Fra i Paesi che seguono meglio l’onda di questo rinnovamento c’è anche l’Italia, perché il Belpaese ospita nel proprio territorio 77 Colocation Data Center, distribuiti in 30 aree geografiche diverse. L’Italia è sesta in Europa e rientra nella Top10 mondiale, anche se molto sbilanciata è la collocazione di questi centri sul suolo nazionale. Molto più presenti nel Nord e nel Centro Italia, la Lombardia da sola ne ospita oltre il 36%, mentre 24 sono solo a Milano, rispetto agli otto di Roma, quindi esattamente il triplo tra le due principali città. Il Sud parte svantaggiato ma fra le regioni del Meridione fa eccezione la Sicilia, che ne ha cinque tra le province di Palermo e Catania.

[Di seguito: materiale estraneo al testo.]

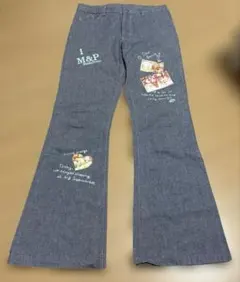 Mezzo Piano デニムパンツ 長ズボンのサムネイル
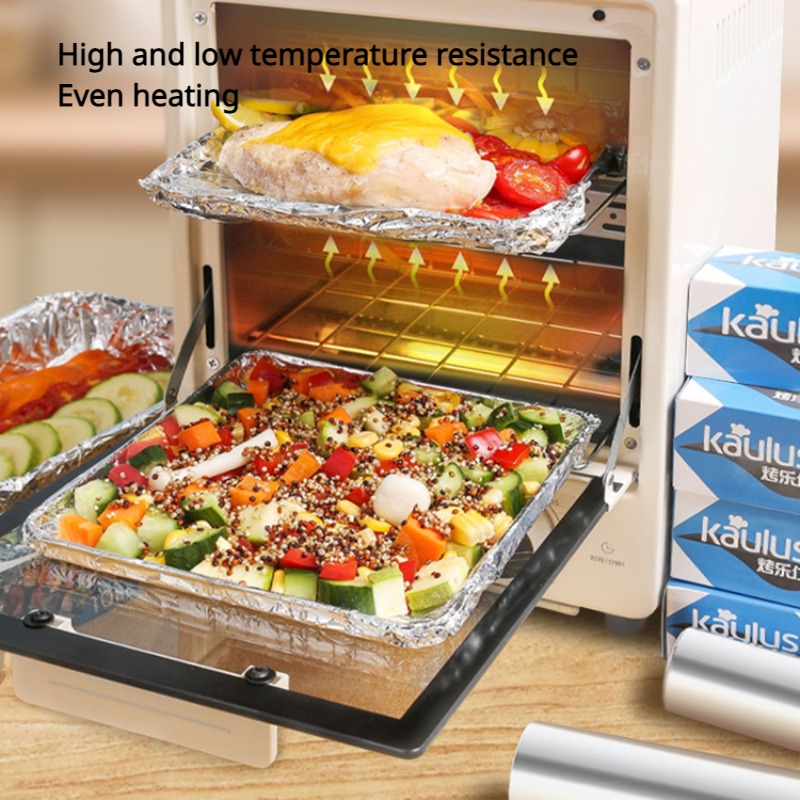 Zackoo 10/20/40M Foglio di All - Kitchen Baking Tins recensione e prezzo
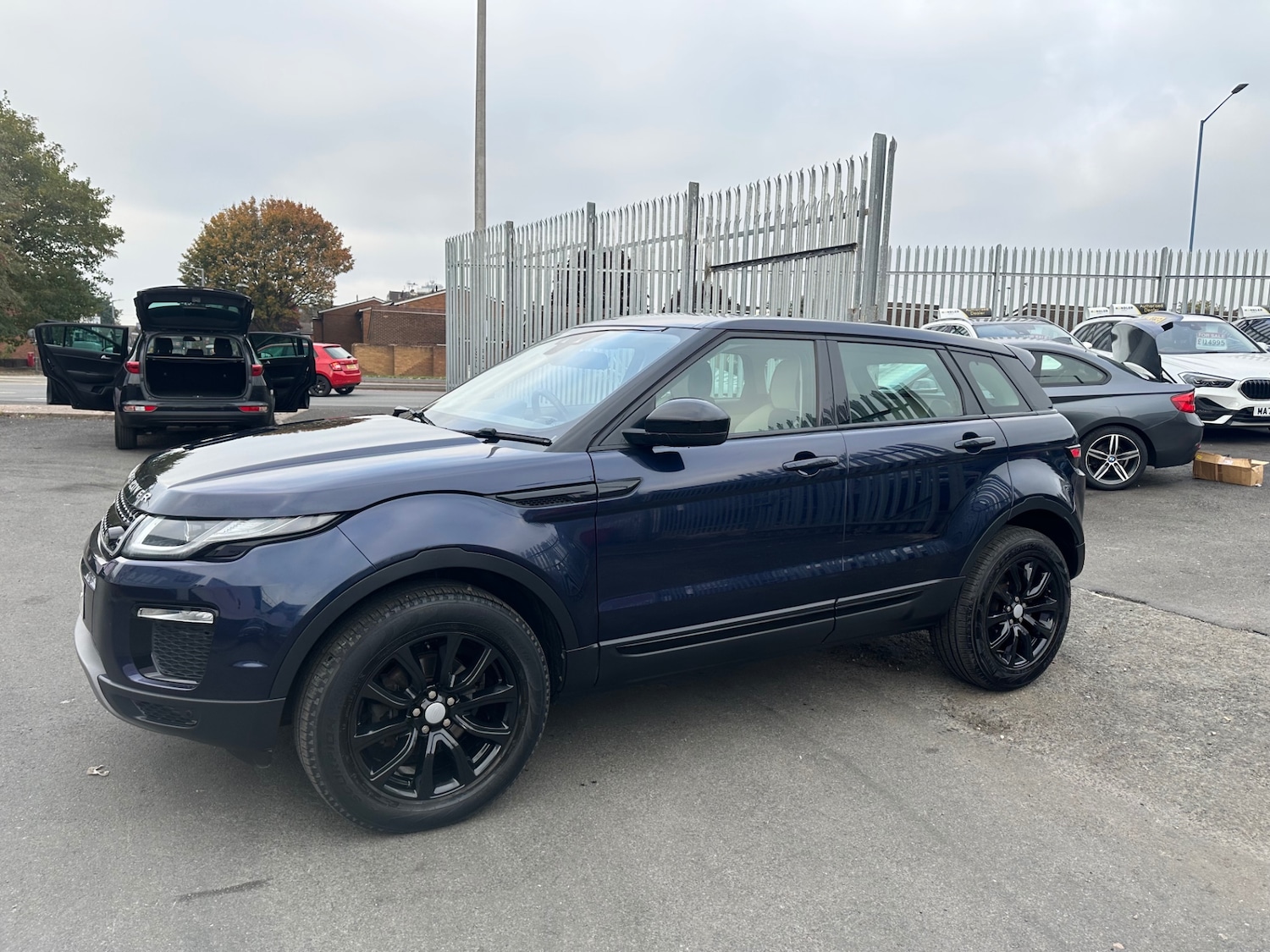 Used Land Rover Range Rover Evoque 2018 for sale - 76249757: Photo 12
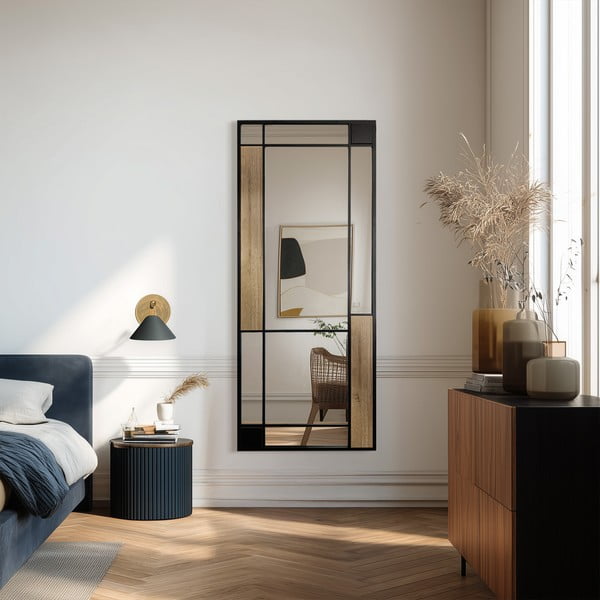 Sienas spogulis 60x150 cm Loft Two-Tone – Styler-image-2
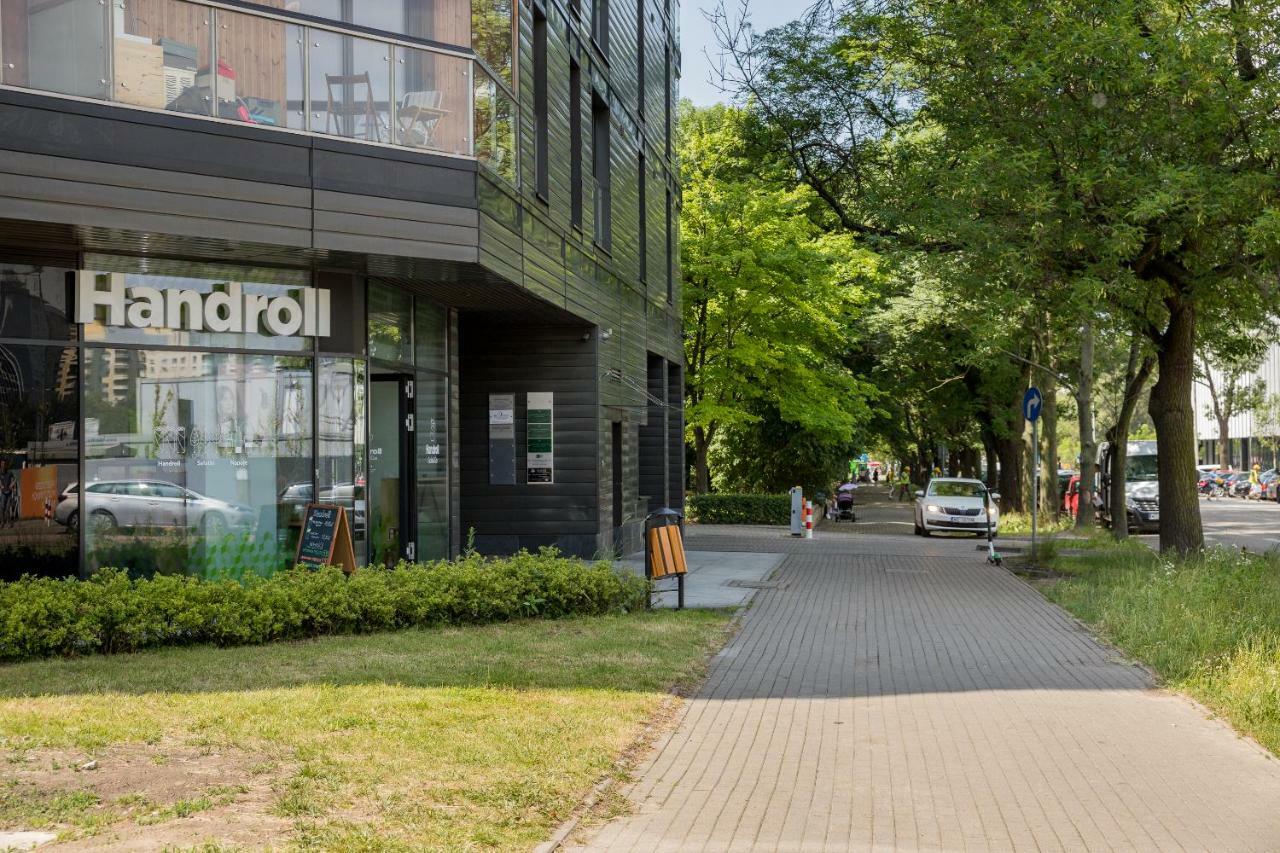 Jaktorowska Bright Studio Warsaw Exterior photo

Ma perché è così importante avere più opportunità di raccogliere i dati sul proprio territorio? Secondo uno studio di Kingston Technology, il principale produttore indipendente di memorie al mondo per desktop, laptop, server, stampanti e memorie flash, i fattori scatenanti sarebbero tre: il primo è rappresentato dal dominio dell’on-demand digitale, con dati che vengono letteralmente divorati da social media, streaming e cloud storage. Il secondo riguarda il balzo che presto porterà tutti gli apparecchi dal 4 al 5G, praticamente l’incremento di velocità tra le 100 e le 800 volte rispetto alle reti esistenti. Il terzo infine è effetto dell’edge computing, quindi la necessità di ridurre la latenza e di elaborare e archiviare i dati sempre più in prossimità del luogo nel quale sono necessari.

La raccolta dei dati, soprattutto in prossimità, diventa quindi nel presente, e lo sarà sempre più nel prossimo futuro, un elemento cruciale e la porta di accesso principale verso il progresso tecnologico. Sempre più settori hanno infatti bisogno dei dati, da quello che può riguardare l’automotive, tra la guida autonoma e lo smart parking, al moltiplicarsi di prodotti IoT, che hanno necessariamente bisogno della possibilità di immagazzinare informazioni. Inutile poi ribadire che con la connessione 5G il mondo sarà sempre più connesso e capace di far viaggiare, in ogni singola infrastruttura urbana, enormi quantità di dati che rappresenteranno di fatto l’unità base della futura smart city. I big data si confermano così bene primario, ma anche disporre dei luoghi per raccoglierli non è un vantaggio strategico da poco.